GIVEN DATA
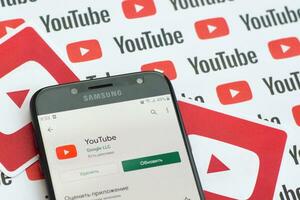 Youtube app on samsung smartphone screen on paper banner with small youtube logos and inscriptions. YouTube is Google subsidiary and American most popular video-sharing platform photo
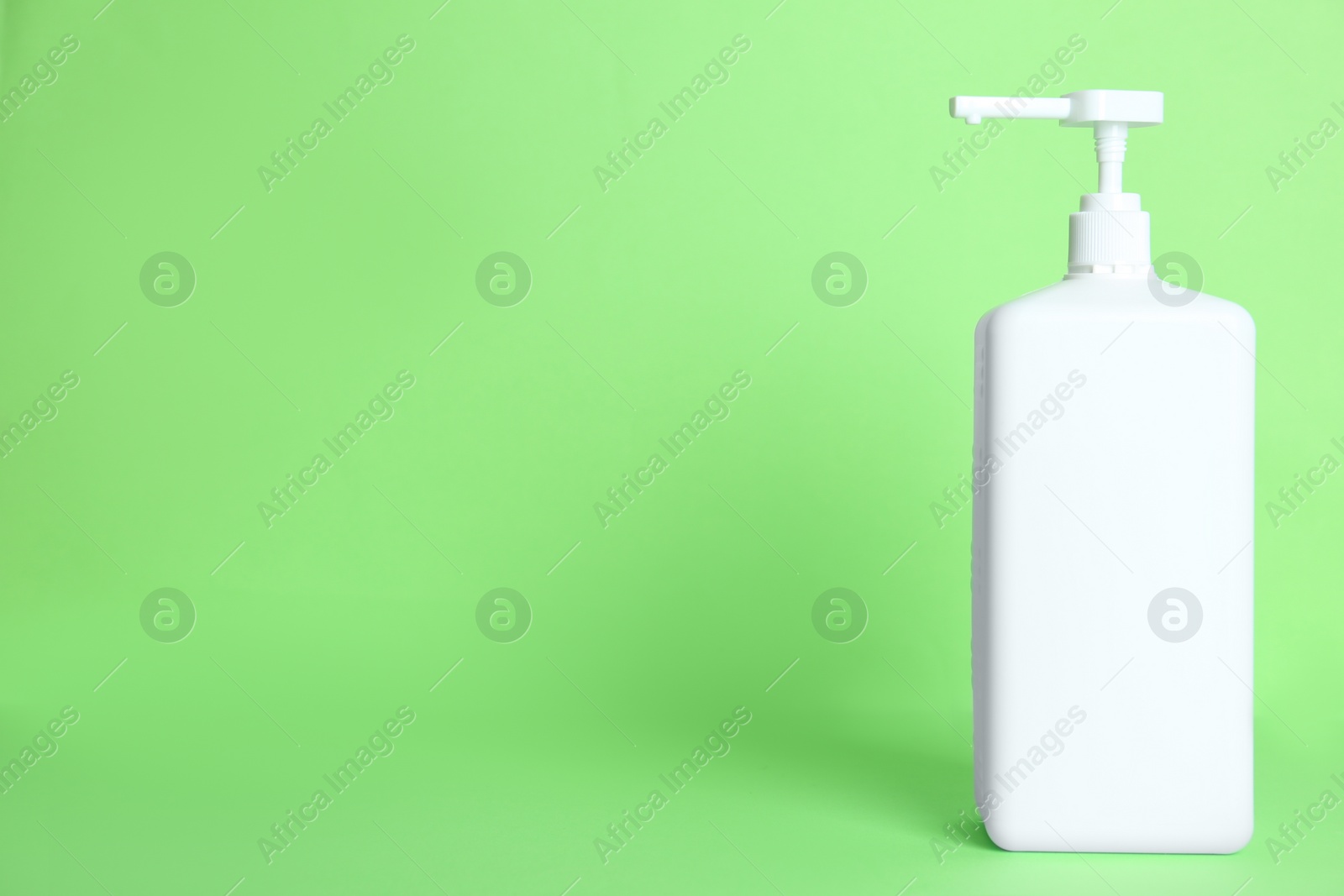 Photo of Dispenser bottle with antiseptic gel on green background. Space for text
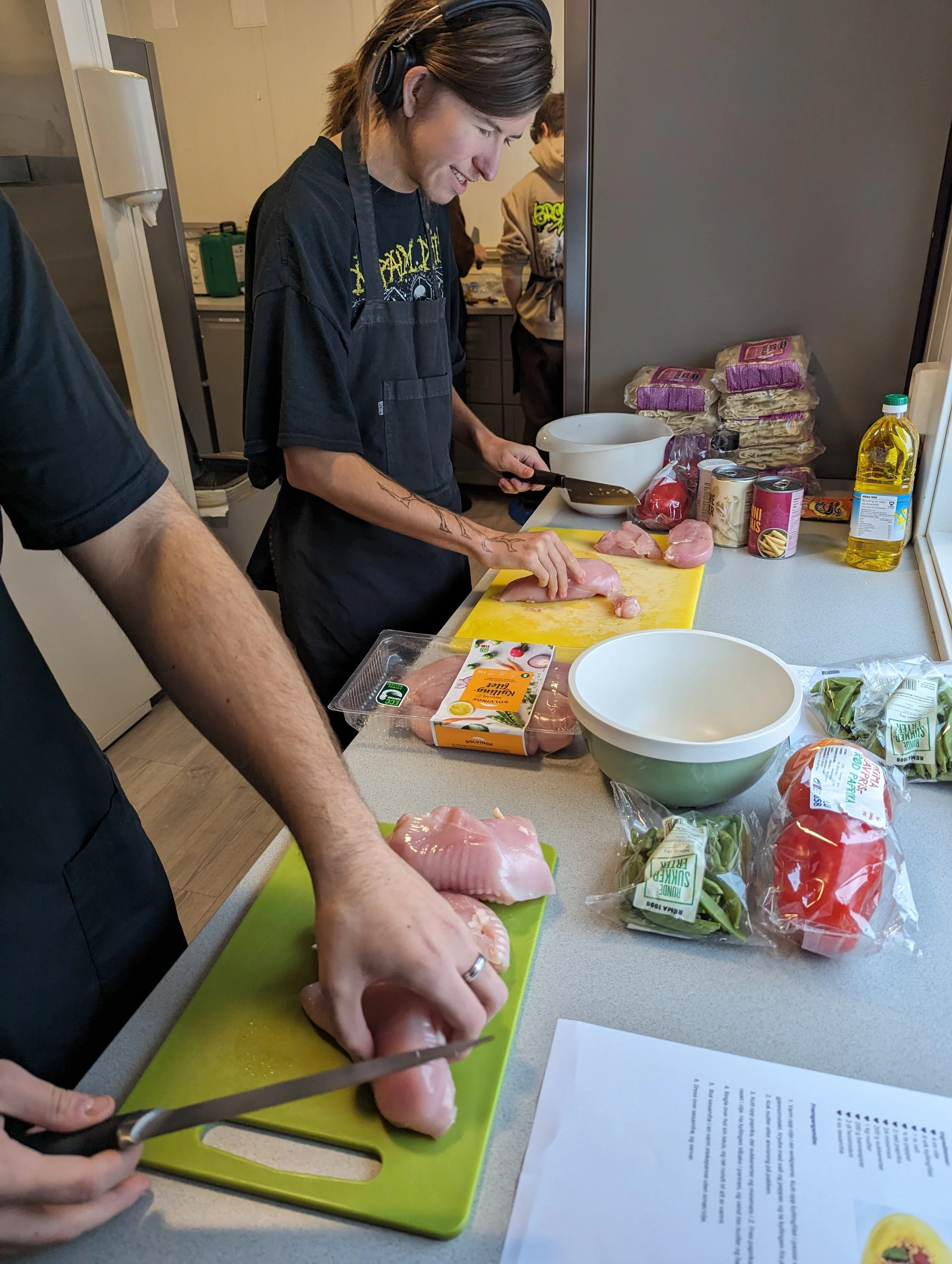 To personer som lager mat på et kjøkken, en kvinne som skjærer kylling på en grønn skjærefjøl og en mann som holder et stykke kylling i hånden. Kjøkkenbenken har pakker med kylling, grønnsaker, hermetikk og andre matvarer.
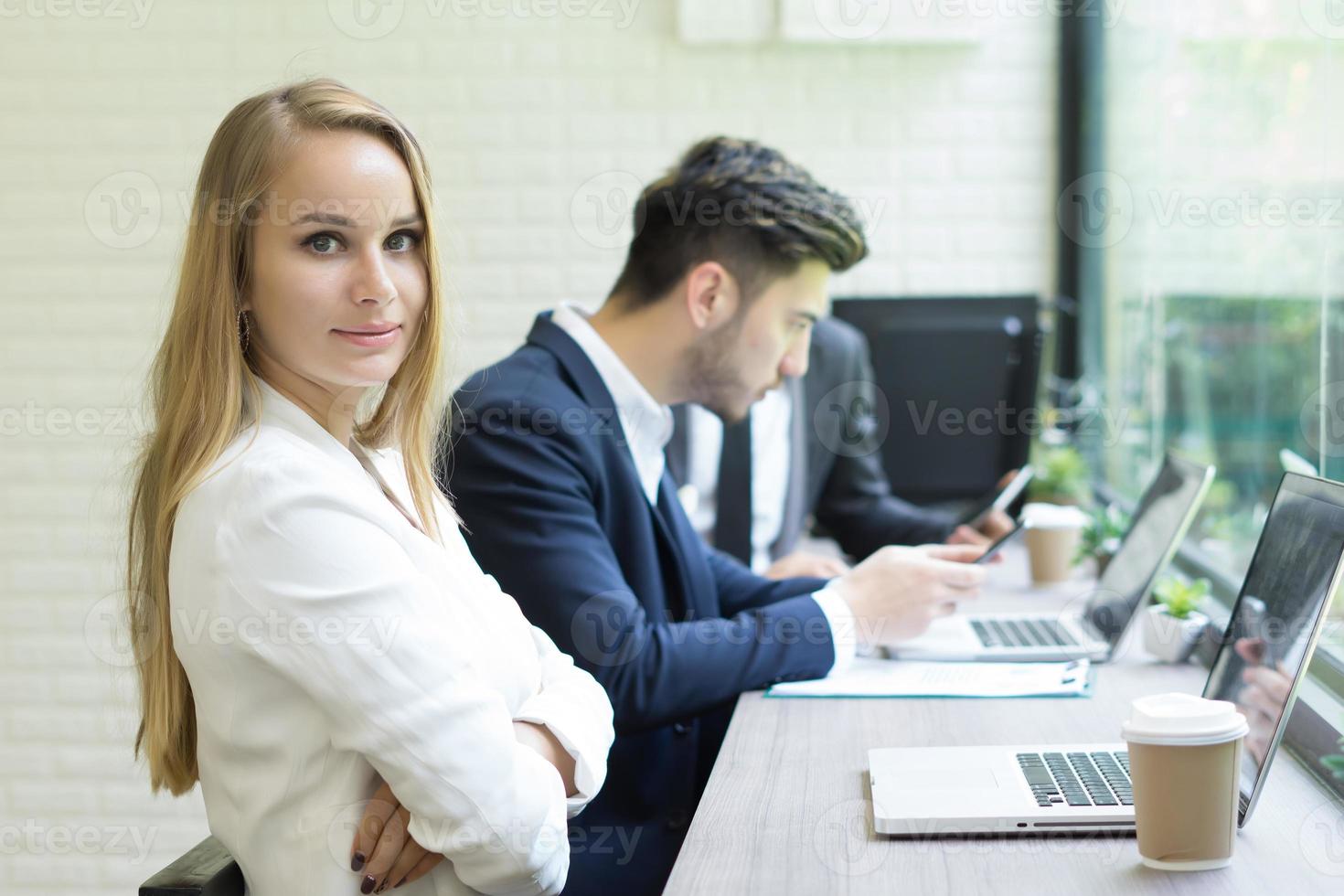 La empresaria usando la computadora portátil para trabajar mientras sus compañeros de trabajo interactúan en el fondo foto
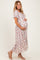 woman wearing a floral maternity maxi dress and holding her baby bump
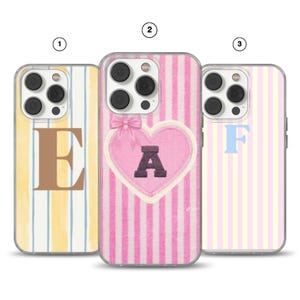 Puede incluir: Tres fundas para smartphone con rayas verticales. La primera tiene rayas amarillas y azules con una letra E marrón grande. La segunda tiene rayas rosas, un corazón central con un lazo rosa y una letra A oscura. La tercera tiene rayas rosas y amarillas con una letra F azul claro.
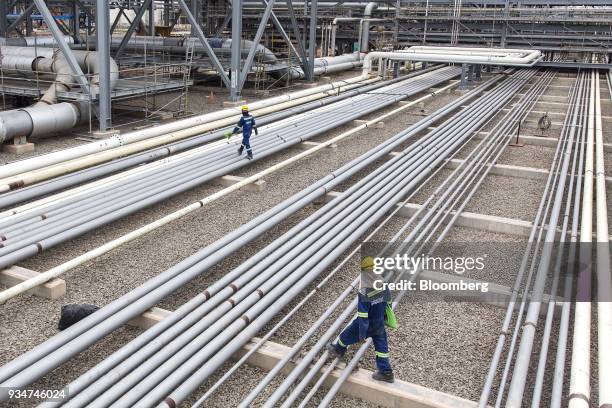 Workers walk over pipework at the under construction Petronas Nasional Berhad Refinery and Petrochemical Integrated Development Project, part of the...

THE TASK
Using the data above, transcribe exactly the lines between those containing "La empresaria usando" and "Puede incluir: Tres", inclusive, and leave every picture behind.

REPLY
 La empresaria usando la computadora portátil para trabajar mientras sus compañeros de trabajo interactúan en el fondo foto
 woman wearing a floral maternity maxi dress and holding her baby bump
 Puede incluir: Tres fundas para smartphone con rayas verticales. La primera tiene rayas amarillas y azules con una letra E marrón grande. La segunda tiene rayas rosas, un corazón central con un lazo rosa y una letra A oscura. La tercera tiene rayas rosas y amarillas con una letra F azul claro.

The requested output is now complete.